Il tema dei CPR, strutture destinate al trattenimento dei migranti in attesa di rimpatrio, è da tempo al centro del dibattito nazionale. Il governo guidato da Giorgia Meloni ha ribadito più volte la necessità di rafforzare la rete di questi centri sul territorio italiano, con l’obiettivo di rendere più efficaci le procedure di espulsione. Il territorio è da anni simbolo di complessità sociali, economiche e ambientali: abusivismo edilizio, gestione difficile dei rifiuti, presenza di una significativa popolazione migrante e servizi spesso insufficienti.
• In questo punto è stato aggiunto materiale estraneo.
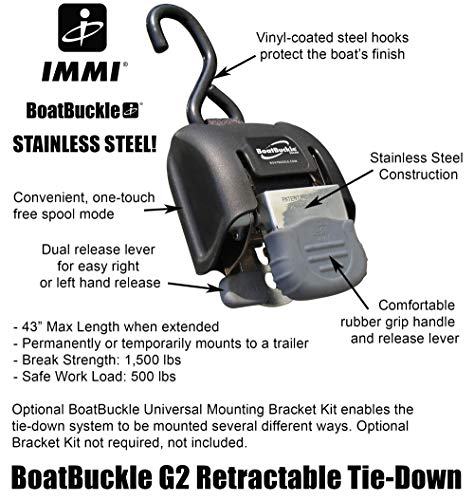 Boatbuckle G2 Stainless Steel Retractable Bow Tie-Down (2-Inch X 43-Inch, Black) #TOP2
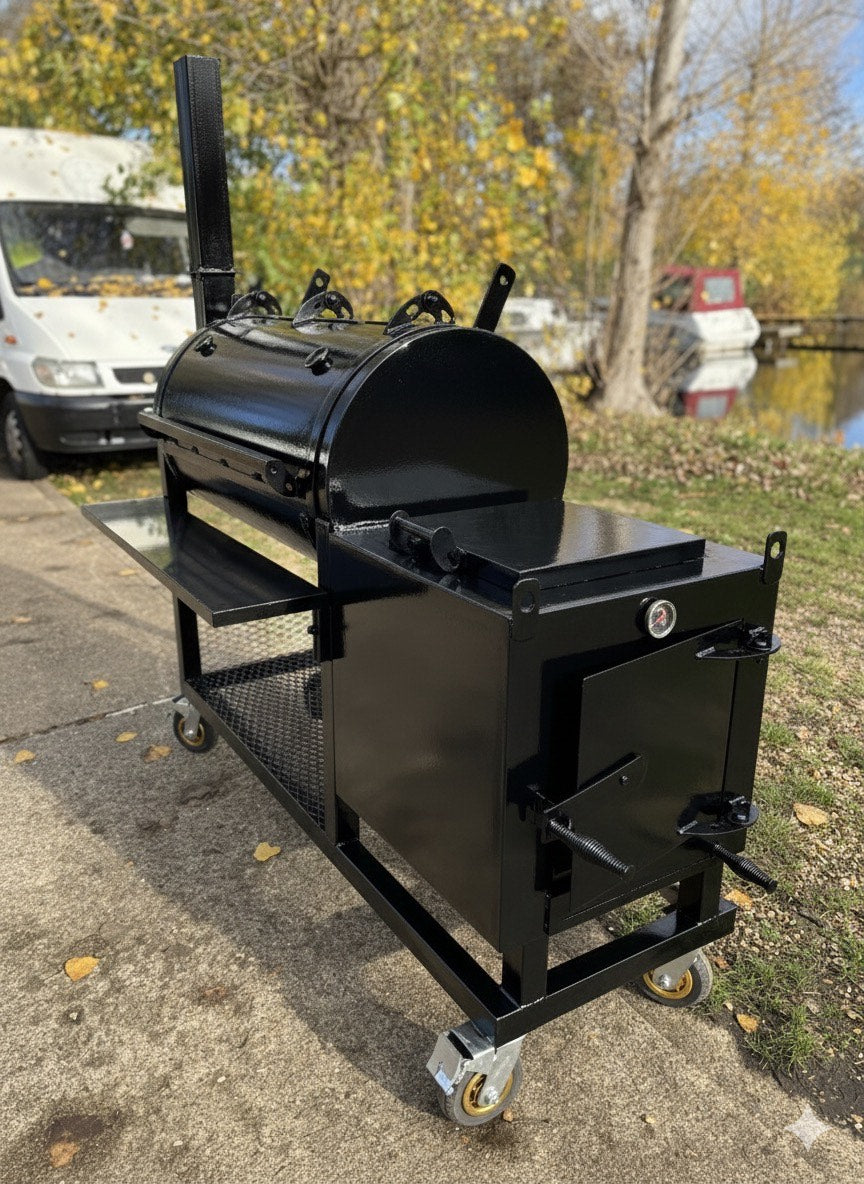 Heavy Duty Offset BBQ Smoker Charcoal Grill Pit | Custom Built Handmade Steel Meat Smoker for Competition, Catering, Patio Cooking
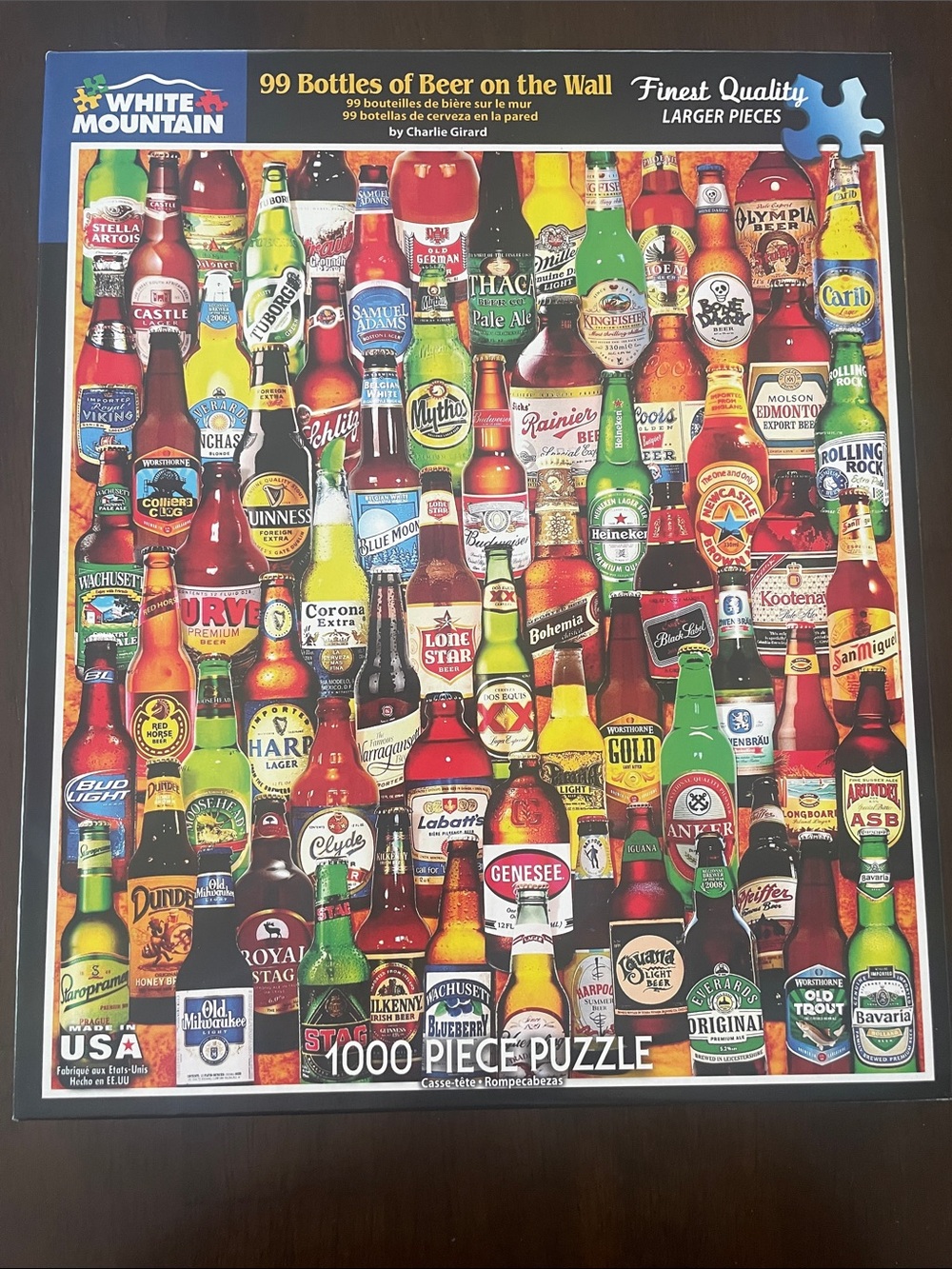 White Mountain Puzzle — 99 Bottles Colorful Beer Bottle Collage
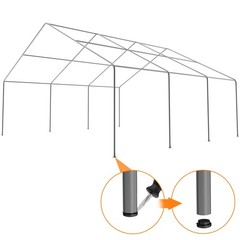 20’x20 ‘Outdoor Carport Canopy, Portable Garage Shelter with Side-Opening Door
In questo contesto, molti residenti percepiscono il progetto del CPR come un ulteriore peso, più che come una soluzione.

Le proteste si sono intensificate nelle ultime settimane, con manifestazioni pubbliche e prese di posizione nette da parte di comitati civici e rappresentanti istituzionali. Il timore diffuso è che la struttura possa accentuare problemi di sicurezza e marginalità, senza portare reali benefici alla comunità locale con in più la sgradevole sensazione che decisioni di questo tipo vengano calate dall’alto, senza un adeguato coinvolgimento dei territori interessati.
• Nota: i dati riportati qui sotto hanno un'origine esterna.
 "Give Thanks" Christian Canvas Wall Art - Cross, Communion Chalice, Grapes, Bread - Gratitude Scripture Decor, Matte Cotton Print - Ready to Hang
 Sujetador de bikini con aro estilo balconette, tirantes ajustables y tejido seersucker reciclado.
Tra le numerose prese di posizione contrarie alla realizzazione del CPR a Castel Volturno si distinguono anche quelle provenienti dal mondo ecclesiastico, che aggiungono un ulteriore livello di riflessione al dibattito. Da un lato monsignor Pietro Lagnese, alla guida dell’arcidiocesi di Capua e vescovo di Caserta ha espresso preoccupazione per le ricadute sociali di una scelta che insiste su un territorio già profondamente segnato da altre criticità; dall’altro Domenico Battaglia, figura da sempre attenta ai temi dell’inclusione e della dignità umana, ha richiamato la necessità di affrontare il fenomeno migratorio con strumenti che non si limitino alla dimensione del trattenimento, ma che sappiano coniugare sicurezza e rispetto dei diritti. Le loro parole non entrano nel merito tecnico dell’opera, ma toccano un punto essenziale: la gestione di questioni complesse come l’immigrazione non può ridursi a soluzioni che rischiano di concentrare ulteriori tensioni in aree già fragili, senza un disegno più ampio e condiviso. In questo senso, il fronte del dissenso si arricchisce di una voce morale che invita a guardare oltre l’immediato, ponendo al centro la persona e la tenuta sociale dei territori.
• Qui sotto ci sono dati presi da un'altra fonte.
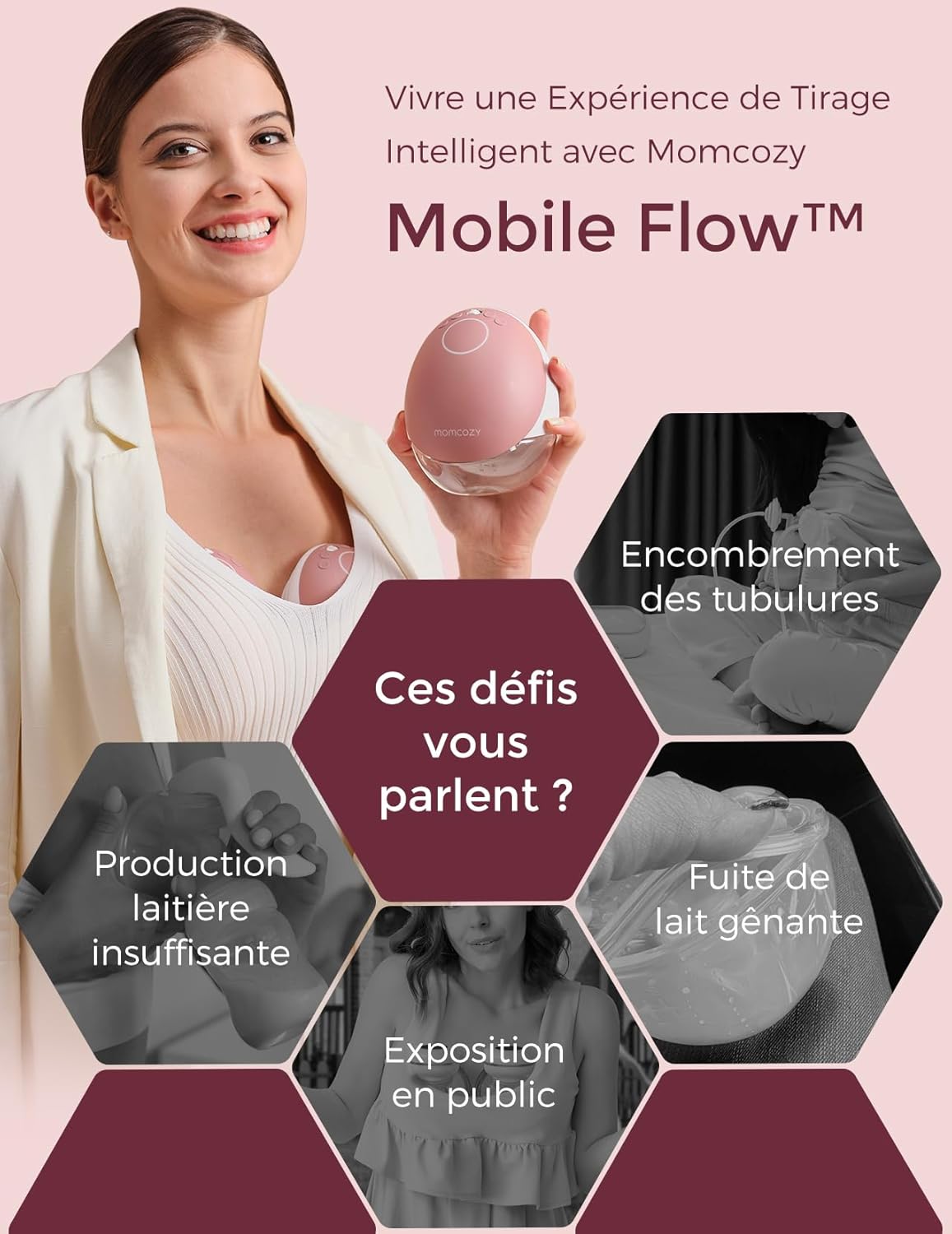 Momcozy M9 tire-lait électrique mains libres, 15 modes, app, double 24mm, rouge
La verità è che la scelta di collocare un Centro di permanenza per il rimpatrio in un territorio già segnato da fragilità strutturali rappresenta l’ennesima conferma di un modello che continua a scaricare sul Sud il peso delle decisioni più controverse. Non si tratta, dunque, solo di dire no a una singola struttura, ma di mettere in discussione un’impostazione che sembra perpetuare uno squilibrio storico, ignorando le reali condizioni delle comunità locali e il loro diritto a essere coinvolte in scelte che incidono profondamente sul futuro dei territori.

È il rapporto tra Stato e territori, della fiducia nelle istituzioni ad essere messa in discussione e con essa la capacità di affrontare problemi complessi senza scaricarne il peso sempre sugli stessi luoghi.